Hayrettin Karaman Hoca! Siz kayıtsız şartsız Ak Parti'ye destek verdiğiniz için susun demiyorum. Siz İslâmı, Ak Parti'nin telakki sınırları içine soktuğunuz için susun diyorum.
Kendisini "İslâm" davasına adamış Mehmet Şevket Eygi ile aynı dönemden geldiniz. Sizden iki yaş büyük sadece. Eygi, "Müslümanlar Size Ne Oldu?" (Millî Gazete, 14 Haziran 2019) diye soruyor. Sonra "Dinin içi boşaltılıyor, sizin umurunuzda değil." diyor... Sonra "Haram rantlara aç köpekler gibi saldıranları engelleyen yok." diyor… Sonra "İsraf almış yürümüş. / Zina, riba, bina... / Ümmet birliği, ittihad-ı İslam, iman kardeşliği lafta kalmış." diyor... Ve daha neler diyor!...

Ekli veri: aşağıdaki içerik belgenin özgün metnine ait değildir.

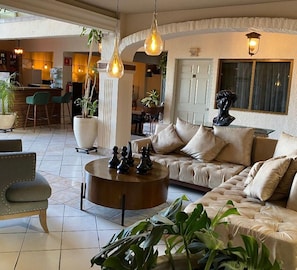 Televisión de pantalla plana de 32 pulgadas con canales por cable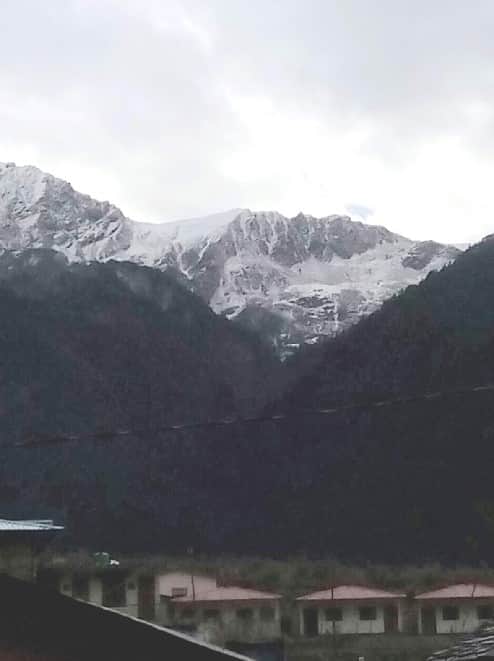 snowfall photo in uttarakhand chardham 2017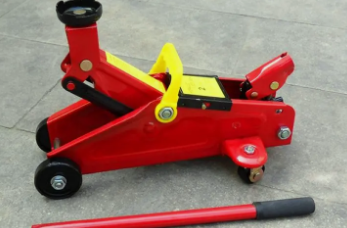 臥式千斤頂的低位頂升能力比不上爪式千斤頂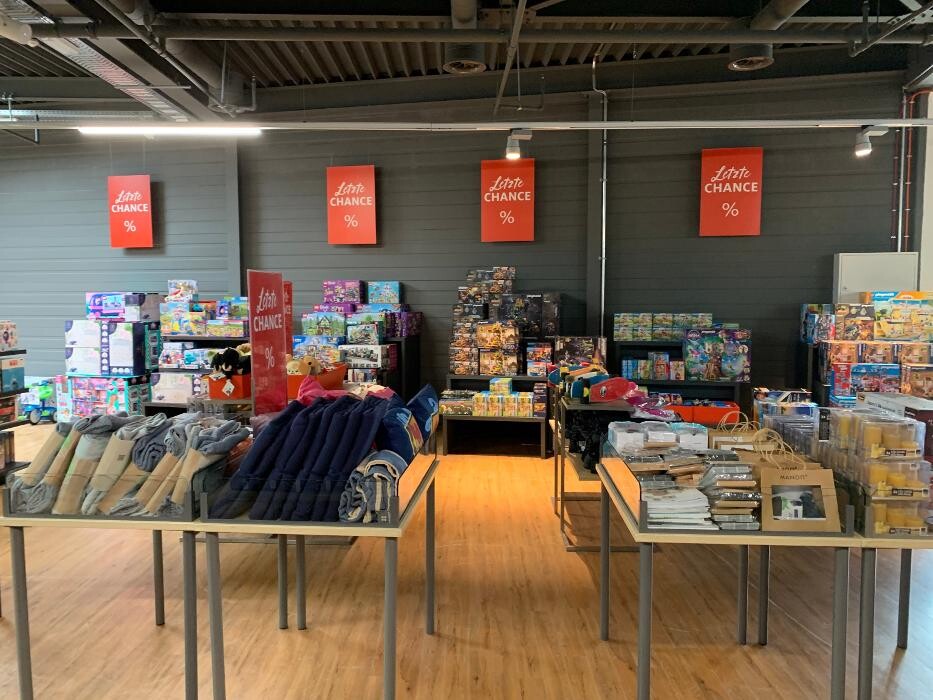 Bilder MANOR Outlet Kreuzlingen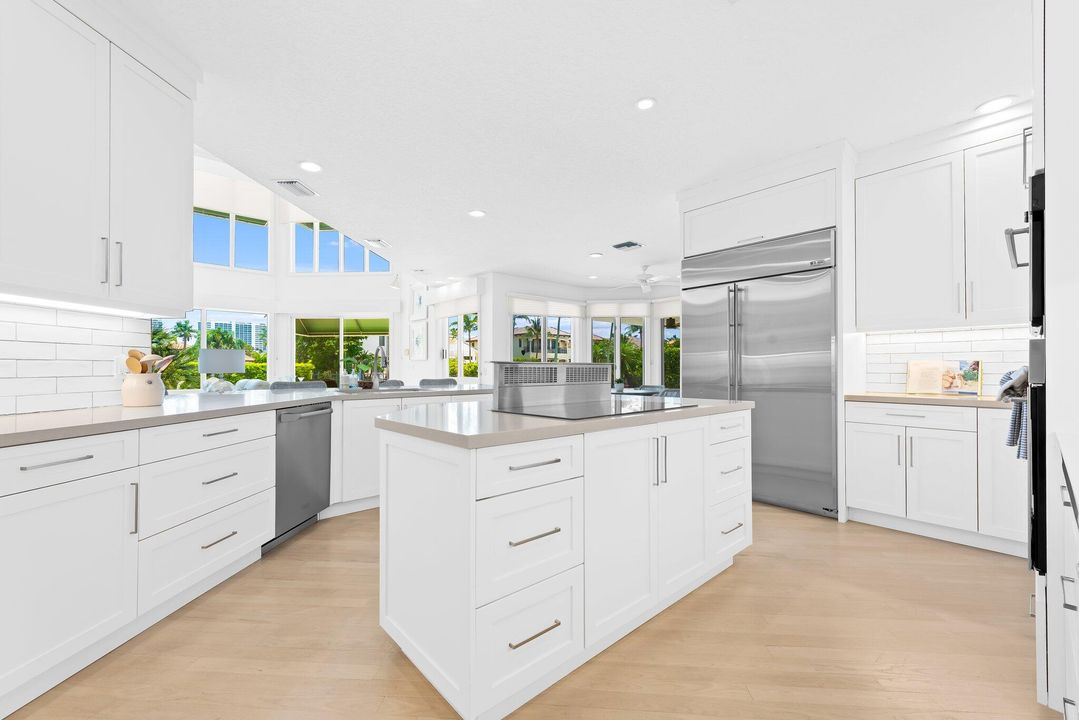 For Rent: $40,000 (6 beds, 3 baths, 6428 Square Feet)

Bu yazı "İslâmcı" iktidar zamanında yazıldı. Eygi'nin "dava" aşkından şüphe etmeyeceksiniz herhâlde!
Hayrettin Hoca! Siz bir fıkıh âlimisiniz. Böyle kabul gördünüz. "Ak Parti (=Saray) deyince "ilim" gidiyor, "muhasebe" gidiyor, "analitik düşünce" gidiyor, gözünüze bir perde iniveriyor:
"Genel olarak icraatı takdir edilen bir iktidarın bir kısım mensuplarında ahlak, liyakat, adalet, hakkaniyet... bakımından arızalar, eksikler, çürüklükler oluyor, iyi niyetli bazı insanlar da yetkili sorumlular bunları niçin ayıklamıyorlar diye 'haklı olarak' yakınıyorlar; yakınmakla kalmıyorlar, Doğrucu Davutluk adına olur olmaz zamanlarda biraz da abartarak ve genelleme yaparak şikayetlerini yayıyorlar. Siperde bekleyen muhalefet -ki, kendilerinde de ayıklanacak pek çok unsur olduğu halde bunu yapmazlar- fırsatı kaçırmıyor, iktidar dostlarının yersiz ve zamansız ifadelerini kullanarak amaçlarına ulaşmaya çalışıyor, bazen de ulaşıyorlar." (Yeni Şafak, 14 Haziran 2019)
Hoca! Bütün ilminizi bu satırlarla silip süpürmüş, Ak Parti paspasının altına itmişsiniz!